------ Collected material ------

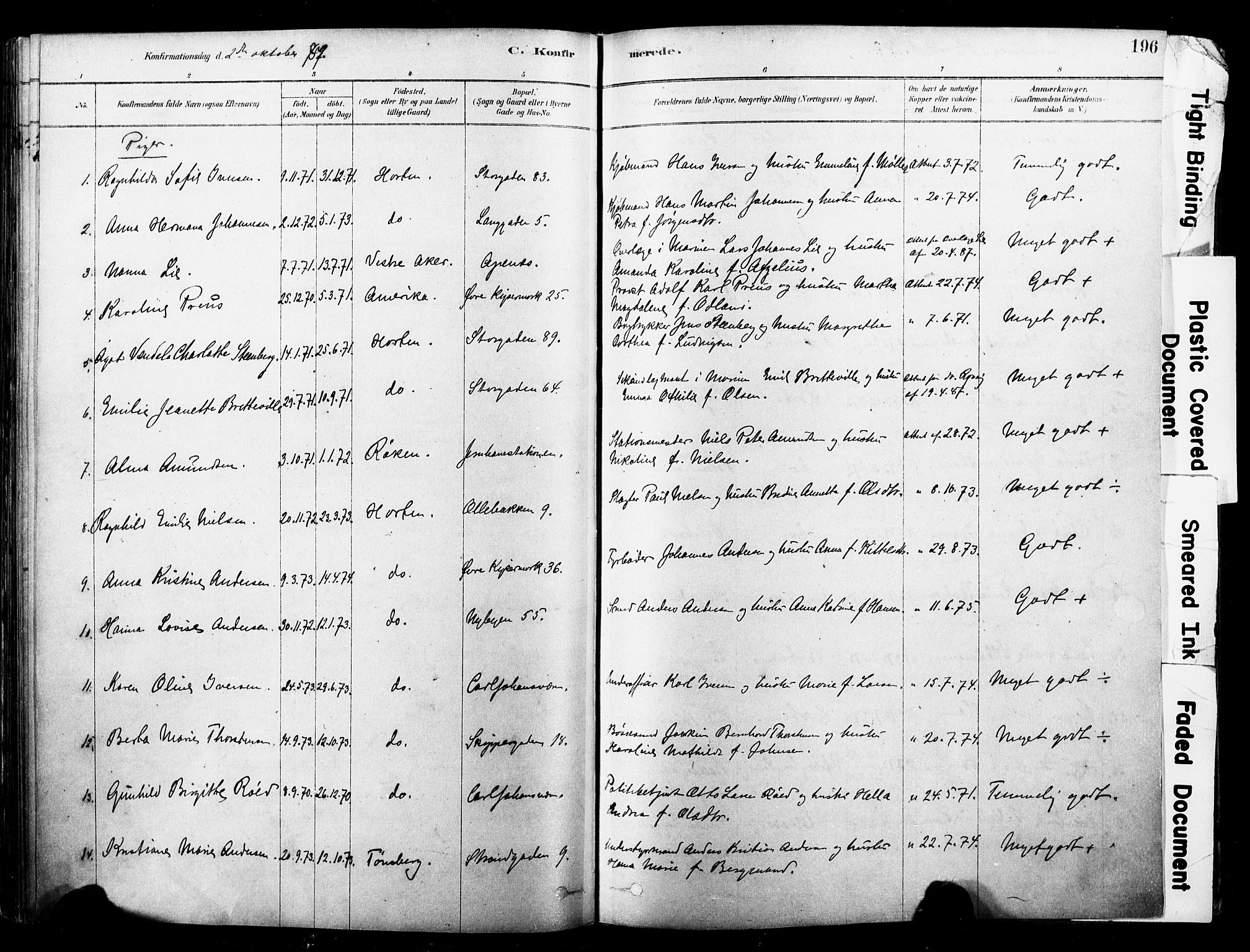 Horten kirkebøker, AV/SAKO-A-348/F/Fa/L0003: Parish register (official) no. 3, 1878-1887, p. 196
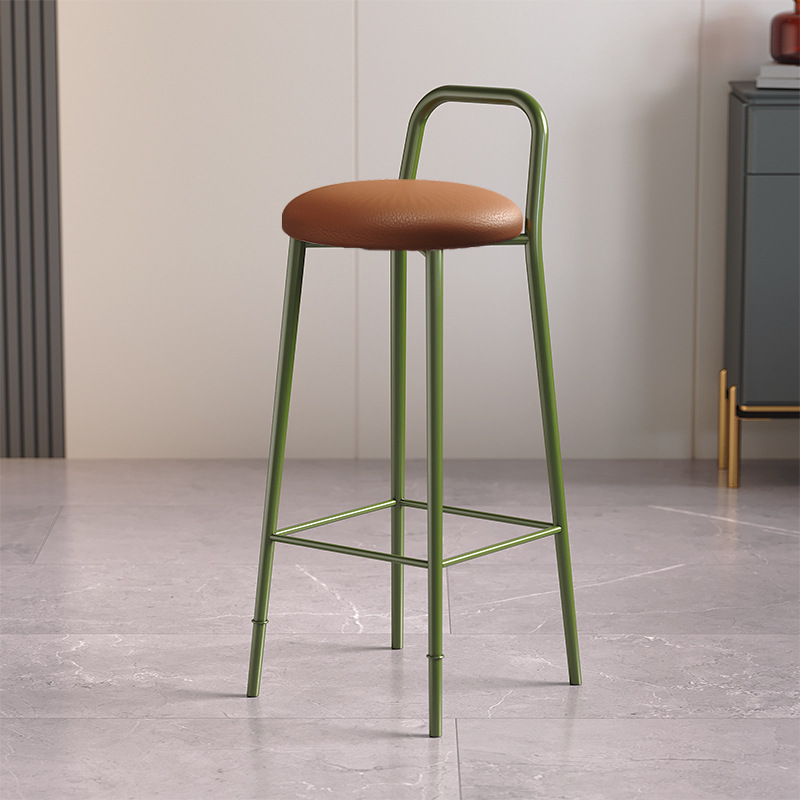 green chair-brown leather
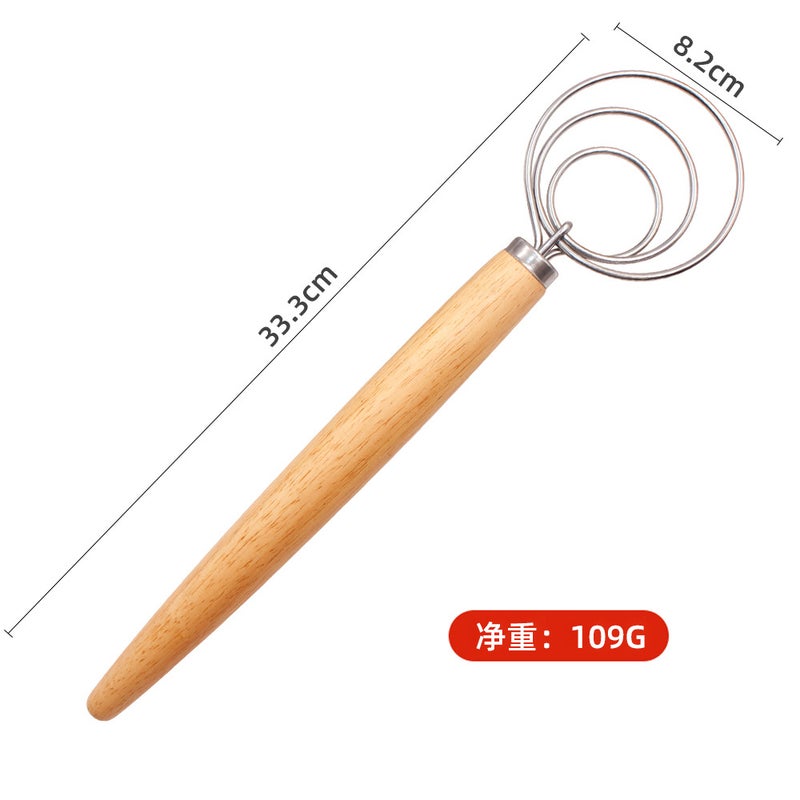 Upgraded Version 13 Inch Oak Handle Danish Dough Coil Flour Beaker Baking Tools Household Manual Flour Mixing - Image 1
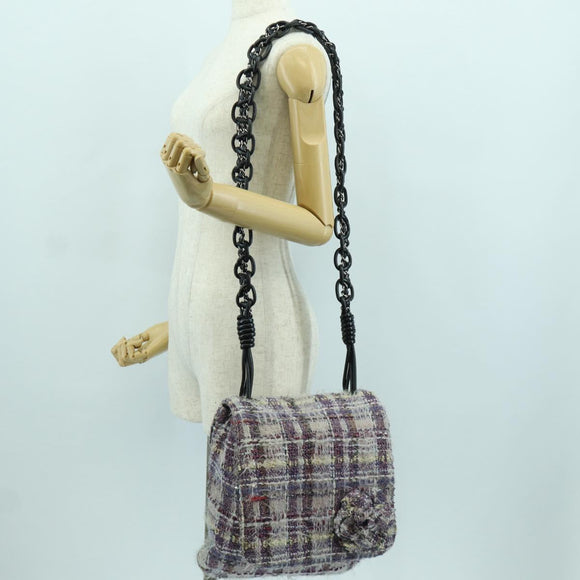 CHANEL Chain Camelia Shoulder Bag Tweed Purple Silver CC Auth LNZ320SAv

------

→ **What needs to be done**: Hand back the data above exactly, leaving out all pictures.

→ **Solution to this task**:
 Horten kirkebøker, AV/SAKO-A-348/F/Fa/L0003: Parish register (official) no. 3, 1878-1887, p. 196
 green chair-brown leather
 Upgraded Version 13 Inch Oak Handle Danish Dough Coil Flour Beaker Baking Tools Household Manual Flour Mixing - Image 1
 CHANEL Chain Camelia Shoulder Bag Tweed Purple Silver CC Auth LNZ320SAv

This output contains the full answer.